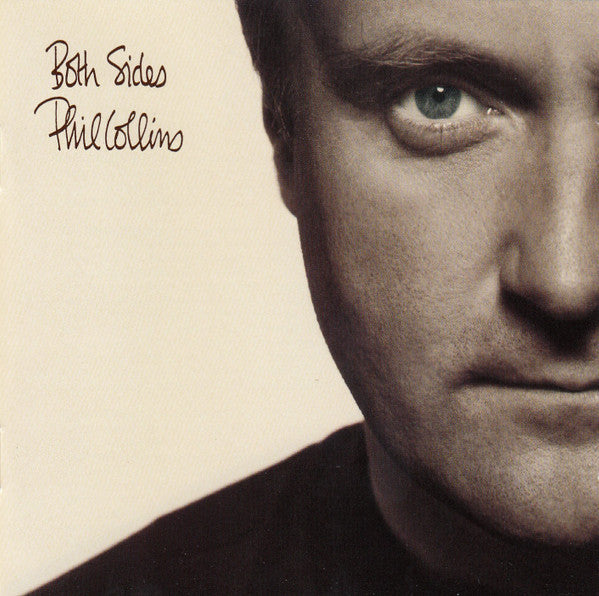 Phil Collins : Both Sides (CD, Album)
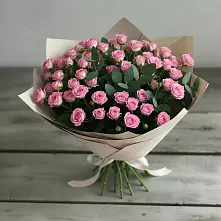 Букет Удовольствие в Новом Карачае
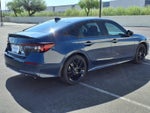 2026 Honda Civic Sedan Hybrid Sport
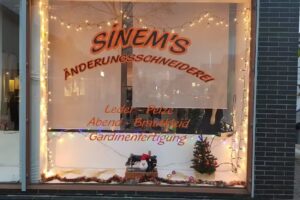 Sinems &Auml;nderungsschneiderei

## Task item
Repeat the listing exactly; do not print any picture.

## Solved exercise
 Phil Collins : Both Sides (CD, Album)
 Букет Удовольствие в Новом Карачае
 2026 Honda Civic Sedan Hybrid Sport
 Sinems &Auml;nderungsschneiderei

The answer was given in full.